Bien qu’elle soit parmi les plus faibles au monde, l’armée malienne comprend le plus grand nombre d’officiers. Le régime d’ATT a contribué à la floraison de ces « généraux bureaucrates » qui n’ont jamais connu le champ de bataille à plus forte raison conduire une armée. Les grades étaient distribués comme de petits pains. Le silence complice des politiques et même du peuple a contribué davantage à créer une rivalité sans précédent au sein de la grande famille militaire.
Cependant le régime a su cacher cette faiblesse militaire en faisant croire qu’une armée républicaine capable de défendre le pays et ses frontières existait encore. L’imposant défilé militaire à Sikasso à l’occasion du 45ème anniversaire de l’indépendance du Mali puis celui du cinquantenaire avaient donné une certaine confiance au peuple Malien. D’ailleurs, Il n’en pouvait être autrement face à cette démonstration de force. Mais en réalité quel bluff !

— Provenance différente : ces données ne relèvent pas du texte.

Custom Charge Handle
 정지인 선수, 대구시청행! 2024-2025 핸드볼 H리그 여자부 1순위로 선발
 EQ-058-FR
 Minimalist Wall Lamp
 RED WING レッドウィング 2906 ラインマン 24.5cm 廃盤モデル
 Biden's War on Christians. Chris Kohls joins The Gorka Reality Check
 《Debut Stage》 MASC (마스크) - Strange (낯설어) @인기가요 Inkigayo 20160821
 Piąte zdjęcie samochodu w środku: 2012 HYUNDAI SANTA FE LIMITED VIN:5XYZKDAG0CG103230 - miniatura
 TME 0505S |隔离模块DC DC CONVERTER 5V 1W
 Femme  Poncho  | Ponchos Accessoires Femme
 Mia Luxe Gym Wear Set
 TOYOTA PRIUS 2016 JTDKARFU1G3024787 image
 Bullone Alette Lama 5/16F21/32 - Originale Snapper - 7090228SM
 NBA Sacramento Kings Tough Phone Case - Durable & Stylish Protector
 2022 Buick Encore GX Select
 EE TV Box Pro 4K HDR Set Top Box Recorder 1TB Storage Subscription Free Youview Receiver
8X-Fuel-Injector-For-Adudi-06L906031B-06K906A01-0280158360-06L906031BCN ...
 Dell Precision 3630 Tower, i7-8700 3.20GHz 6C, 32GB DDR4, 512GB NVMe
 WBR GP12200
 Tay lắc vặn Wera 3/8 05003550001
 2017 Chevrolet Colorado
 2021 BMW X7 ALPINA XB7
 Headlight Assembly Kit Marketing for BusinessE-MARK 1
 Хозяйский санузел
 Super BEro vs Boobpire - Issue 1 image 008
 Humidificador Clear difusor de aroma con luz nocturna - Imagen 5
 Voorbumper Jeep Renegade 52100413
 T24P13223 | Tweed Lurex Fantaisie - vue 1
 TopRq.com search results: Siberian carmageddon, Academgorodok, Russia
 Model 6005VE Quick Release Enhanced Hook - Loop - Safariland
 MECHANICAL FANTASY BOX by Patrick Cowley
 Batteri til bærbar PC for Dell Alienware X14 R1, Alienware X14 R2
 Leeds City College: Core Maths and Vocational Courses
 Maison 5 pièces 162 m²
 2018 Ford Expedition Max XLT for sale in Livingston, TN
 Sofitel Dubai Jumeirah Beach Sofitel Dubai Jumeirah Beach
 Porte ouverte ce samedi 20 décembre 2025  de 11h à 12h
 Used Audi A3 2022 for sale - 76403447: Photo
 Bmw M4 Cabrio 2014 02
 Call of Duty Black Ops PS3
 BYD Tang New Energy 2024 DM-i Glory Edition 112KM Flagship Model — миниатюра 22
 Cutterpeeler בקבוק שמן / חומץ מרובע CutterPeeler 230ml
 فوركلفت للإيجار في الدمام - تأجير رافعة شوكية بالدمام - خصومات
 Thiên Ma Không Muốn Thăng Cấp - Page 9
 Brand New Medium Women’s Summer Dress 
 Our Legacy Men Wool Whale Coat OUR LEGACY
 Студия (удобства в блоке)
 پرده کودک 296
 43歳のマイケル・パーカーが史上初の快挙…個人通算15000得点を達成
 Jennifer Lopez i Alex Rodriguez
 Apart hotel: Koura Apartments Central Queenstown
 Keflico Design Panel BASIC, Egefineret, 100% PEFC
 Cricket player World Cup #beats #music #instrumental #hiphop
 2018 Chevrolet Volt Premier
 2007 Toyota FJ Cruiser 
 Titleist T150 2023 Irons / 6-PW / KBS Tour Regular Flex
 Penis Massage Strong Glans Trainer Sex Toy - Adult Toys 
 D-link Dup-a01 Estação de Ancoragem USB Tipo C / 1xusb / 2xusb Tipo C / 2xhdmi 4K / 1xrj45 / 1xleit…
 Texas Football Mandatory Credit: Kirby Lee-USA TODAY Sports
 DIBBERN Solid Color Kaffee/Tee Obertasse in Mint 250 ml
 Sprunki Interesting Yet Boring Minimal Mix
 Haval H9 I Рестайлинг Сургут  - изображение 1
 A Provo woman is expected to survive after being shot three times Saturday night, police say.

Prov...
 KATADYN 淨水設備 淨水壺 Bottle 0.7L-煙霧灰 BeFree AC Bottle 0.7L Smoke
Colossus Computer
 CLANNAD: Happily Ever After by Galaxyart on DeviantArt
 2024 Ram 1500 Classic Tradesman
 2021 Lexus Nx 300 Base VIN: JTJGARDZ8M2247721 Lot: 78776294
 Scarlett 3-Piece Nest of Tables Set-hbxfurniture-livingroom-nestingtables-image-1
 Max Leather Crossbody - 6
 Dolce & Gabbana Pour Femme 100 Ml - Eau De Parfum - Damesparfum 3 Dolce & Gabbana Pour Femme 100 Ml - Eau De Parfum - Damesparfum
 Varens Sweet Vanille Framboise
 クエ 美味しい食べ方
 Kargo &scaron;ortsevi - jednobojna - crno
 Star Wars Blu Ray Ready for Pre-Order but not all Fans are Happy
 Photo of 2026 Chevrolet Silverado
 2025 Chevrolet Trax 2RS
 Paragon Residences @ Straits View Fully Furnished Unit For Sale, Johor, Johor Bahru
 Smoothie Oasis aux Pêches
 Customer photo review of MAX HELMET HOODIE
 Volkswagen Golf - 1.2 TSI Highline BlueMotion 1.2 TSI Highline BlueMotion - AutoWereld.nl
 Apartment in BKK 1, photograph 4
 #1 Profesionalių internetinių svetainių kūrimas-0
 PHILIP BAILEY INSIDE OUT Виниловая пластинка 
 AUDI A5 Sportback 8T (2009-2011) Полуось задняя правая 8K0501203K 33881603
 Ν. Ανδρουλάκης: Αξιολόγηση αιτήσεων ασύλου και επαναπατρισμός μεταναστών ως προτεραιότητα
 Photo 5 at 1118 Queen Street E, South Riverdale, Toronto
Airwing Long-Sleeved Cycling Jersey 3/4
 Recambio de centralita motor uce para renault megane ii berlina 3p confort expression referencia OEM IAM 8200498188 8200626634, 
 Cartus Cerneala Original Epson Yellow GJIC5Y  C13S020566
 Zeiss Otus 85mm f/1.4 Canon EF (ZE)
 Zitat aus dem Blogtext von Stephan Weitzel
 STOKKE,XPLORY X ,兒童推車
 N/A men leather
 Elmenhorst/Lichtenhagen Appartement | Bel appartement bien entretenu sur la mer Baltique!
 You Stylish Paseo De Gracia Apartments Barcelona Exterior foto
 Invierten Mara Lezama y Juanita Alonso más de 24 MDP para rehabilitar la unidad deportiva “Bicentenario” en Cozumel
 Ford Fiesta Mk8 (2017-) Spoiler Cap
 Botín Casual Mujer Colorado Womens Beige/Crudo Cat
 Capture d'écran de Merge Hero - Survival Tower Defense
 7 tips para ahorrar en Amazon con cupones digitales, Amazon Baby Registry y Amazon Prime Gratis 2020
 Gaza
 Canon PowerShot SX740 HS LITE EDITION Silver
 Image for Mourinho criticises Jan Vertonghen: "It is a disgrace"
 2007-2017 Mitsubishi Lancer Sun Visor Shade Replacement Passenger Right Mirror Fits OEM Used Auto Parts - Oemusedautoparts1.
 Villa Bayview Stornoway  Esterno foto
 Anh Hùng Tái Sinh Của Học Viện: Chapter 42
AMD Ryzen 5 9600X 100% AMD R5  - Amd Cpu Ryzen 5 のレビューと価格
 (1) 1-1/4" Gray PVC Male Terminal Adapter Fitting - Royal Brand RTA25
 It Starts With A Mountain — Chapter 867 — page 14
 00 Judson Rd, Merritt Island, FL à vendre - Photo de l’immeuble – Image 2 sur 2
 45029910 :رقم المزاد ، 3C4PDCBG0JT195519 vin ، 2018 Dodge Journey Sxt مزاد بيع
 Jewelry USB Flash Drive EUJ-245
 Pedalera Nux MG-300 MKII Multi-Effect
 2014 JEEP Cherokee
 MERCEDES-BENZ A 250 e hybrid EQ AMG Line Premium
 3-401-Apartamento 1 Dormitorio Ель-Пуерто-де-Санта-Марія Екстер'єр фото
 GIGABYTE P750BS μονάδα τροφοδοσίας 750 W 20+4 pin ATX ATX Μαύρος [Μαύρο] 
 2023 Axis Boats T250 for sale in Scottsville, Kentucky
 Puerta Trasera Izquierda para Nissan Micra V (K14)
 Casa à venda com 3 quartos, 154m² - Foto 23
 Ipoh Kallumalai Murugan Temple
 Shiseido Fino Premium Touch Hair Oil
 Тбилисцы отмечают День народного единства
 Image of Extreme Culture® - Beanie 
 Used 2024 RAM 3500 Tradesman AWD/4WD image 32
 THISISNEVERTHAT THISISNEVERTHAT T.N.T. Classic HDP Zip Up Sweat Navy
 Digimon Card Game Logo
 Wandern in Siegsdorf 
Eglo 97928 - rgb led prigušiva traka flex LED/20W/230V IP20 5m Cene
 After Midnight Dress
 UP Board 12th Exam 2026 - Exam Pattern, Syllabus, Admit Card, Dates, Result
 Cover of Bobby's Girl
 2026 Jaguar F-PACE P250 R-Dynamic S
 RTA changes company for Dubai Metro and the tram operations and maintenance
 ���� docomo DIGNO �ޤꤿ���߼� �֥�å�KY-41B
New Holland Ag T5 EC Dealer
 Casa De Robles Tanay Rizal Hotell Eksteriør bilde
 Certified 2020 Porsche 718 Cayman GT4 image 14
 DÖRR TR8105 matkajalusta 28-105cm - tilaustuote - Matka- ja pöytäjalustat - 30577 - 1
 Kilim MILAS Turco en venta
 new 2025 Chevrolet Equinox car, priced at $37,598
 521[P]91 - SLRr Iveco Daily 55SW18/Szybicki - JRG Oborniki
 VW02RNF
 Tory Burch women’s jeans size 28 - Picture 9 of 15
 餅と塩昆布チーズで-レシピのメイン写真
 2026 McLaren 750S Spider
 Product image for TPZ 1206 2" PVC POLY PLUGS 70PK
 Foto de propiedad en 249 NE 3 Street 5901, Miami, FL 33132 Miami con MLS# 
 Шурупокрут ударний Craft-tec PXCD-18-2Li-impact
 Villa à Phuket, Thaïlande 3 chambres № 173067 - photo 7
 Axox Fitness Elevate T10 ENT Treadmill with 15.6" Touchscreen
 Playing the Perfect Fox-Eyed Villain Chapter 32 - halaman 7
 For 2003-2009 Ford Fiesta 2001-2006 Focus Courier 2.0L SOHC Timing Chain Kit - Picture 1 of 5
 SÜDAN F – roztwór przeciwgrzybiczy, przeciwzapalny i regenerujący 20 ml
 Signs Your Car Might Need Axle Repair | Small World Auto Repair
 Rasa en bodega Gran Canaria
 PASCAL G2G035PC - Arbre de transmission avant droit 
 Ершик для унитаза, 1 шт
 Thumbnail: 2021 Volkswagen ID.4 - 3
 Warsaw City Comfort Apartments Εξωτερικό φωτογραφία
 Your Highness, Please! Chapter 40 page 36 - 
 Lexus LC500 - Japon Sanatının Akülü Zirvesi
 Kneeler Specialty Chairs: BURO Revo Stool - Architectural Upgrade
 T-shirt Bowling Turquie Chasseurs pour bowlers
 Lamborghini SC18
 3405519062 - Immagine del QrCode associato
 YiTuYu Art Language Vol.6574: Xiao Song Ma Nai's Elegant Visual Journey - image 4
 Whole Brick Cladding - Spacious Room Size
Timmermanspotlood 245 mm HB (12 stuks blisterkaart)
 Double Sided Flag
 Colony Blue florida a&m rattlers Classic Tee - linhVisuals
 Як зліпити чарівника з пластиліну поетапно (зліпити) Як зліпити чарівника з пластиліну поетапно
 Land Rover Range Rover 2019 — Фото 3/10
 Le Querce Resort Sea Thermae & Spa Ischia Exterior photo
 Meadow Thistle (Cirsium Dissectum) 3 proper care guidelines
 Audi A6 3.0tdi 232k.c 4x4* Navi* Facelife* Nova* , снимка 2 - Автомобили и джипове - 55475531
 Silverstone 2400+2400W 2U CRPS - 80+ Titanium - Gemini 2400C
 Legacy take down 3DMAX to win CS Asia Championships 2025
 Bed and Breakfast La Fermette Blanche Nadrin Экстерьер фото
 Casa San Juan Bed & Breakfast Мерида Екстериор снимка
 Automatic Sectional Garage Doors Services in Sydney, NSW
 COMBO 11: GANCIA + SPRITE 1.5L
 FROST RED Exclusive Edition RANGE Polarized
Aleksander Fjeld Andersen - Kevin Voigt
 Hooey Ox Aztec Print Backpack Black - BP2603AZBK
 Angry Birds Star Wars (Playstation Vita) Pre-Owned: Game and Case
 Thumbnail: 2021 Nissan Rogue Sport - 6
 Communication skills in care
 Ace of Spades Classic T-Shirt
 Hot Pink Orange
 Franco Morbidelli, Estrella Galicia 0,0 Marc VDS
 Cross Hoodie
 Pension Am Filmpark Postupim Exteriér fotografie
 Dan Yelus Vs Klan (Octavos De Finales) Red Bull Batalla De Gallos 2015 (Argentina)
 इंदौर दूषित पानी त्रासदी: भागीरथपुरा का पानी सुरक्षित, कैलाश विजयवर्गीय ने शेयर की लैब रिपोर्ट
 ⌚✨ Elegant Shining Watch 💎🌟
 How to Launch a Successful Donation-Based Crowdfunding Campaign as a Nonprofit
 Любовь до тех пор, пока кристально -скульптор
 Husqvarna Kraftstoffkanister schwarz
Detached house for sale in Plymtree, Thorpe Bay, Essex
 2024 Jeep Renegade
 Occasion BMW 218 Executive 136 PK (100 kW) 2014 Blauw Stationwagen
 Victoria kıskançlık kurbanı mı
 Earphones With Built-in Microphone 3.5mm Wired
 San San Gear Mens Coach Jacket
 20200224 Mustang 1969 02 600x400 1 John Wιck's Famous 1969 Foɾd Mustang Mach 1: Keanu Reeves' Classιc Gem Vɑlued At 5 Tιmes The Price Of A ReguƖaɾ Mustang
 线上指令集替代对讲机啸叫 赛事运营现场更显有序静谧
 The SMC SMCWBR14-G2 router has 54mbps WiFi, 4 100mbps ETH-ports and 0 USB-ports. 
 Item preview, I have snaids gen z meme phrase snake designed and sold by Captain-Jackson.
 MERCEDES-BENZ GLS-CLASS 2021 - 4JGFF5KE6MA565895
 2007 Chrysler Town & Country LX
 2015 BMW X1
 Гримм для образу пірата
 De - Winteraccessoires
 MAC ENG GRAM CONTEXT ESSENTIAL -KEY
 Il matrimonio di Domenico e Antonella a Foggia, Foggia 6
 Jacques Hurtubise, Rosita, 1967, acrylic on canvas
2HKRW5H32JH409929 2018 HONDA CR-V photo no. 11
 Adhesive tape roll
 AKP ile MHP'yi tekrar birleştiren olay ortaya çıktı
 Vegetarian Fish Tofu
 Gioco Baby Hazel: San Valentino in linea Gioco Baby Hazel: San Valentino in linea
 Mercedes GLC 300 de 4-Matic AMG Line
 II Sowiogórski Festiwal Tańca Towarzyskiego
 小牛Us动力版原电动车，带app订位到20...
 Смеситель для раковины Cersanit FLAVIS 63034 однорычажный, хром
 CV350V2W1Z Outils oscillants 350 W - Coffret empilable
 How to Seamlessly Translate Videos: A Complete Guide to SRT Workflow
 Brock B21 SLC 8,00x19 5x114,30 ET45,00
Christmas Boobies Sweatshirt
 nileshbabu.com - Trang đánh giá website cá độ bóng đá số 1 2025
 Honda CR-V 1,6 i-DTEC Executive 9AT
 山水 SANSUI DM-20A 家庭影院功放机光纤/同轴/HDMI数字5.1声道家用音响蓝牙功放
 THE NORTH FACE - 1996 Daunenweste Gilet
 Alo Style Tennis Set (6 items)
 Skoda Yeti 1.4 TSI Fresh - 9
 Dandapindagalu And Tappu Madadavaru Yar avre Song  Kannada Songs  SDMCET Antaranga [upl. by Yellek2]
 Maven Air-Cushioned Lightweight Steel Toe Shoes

La vraie face de l’armée fut dévoilée au monde après la série de défaites qu’elle a enregistrées face à l’invasion djihadiste. C’est alors qu’on s’est mis à s’interroger sur le sort des armements qui ont été montrés au monde lors des différents défilés militaires. Naturellement, l’armée n’est ni de près ni de loin la cause de cette décadence mais plutôt ses dirigeants. Les soldats maliens ont montré qu’ils avaient la volonté de combattre. En face des adversaires redoutables capables de tenir tête à n’importe quel Etat, les braves soldats maliens n’avaient comme arme que leur détermination et leur bravoure.
Le défi sécuritaire reste de taille
Aujourd’hui plus que jamais le défi sécuritaire reste de taille au Mali. L’insécurité ne cesse de prendre de l’ampleur et cela, chaque jour que Dieu fait. Le nord du Mali est en proie à une l’insécurité grandissante depuis que les terroristes ont fait du septentrion malien leur nid. Les attaques répétitives dans la zone en sont une parfaite illustration. Au sud, les choses ne sont guère meilleures. L’attaque de la terrasse le 07 mars, l’hôtel de Sévaré le 7 aout et l’hôtel de luxe le Radisson le 20 novembre ont montré la fragilité du système sécuritaire malien. La situation ne s’améliore que très lentement voire presque pas, parce que dans la capitale les vols et agressions à main armée sont presque le quotidien de la population.
Malgré les efforts des autorités à vouloir reformer l’armée, beaucoup de choses restent encore à faire. Le défi sécuritaire est celui que le Président et son gouvernement doivent relever de toute urgence, en tout cas s’ils comptent garder la confiance de 77% des maliennes et maliens qui les ont porté au pouvoir.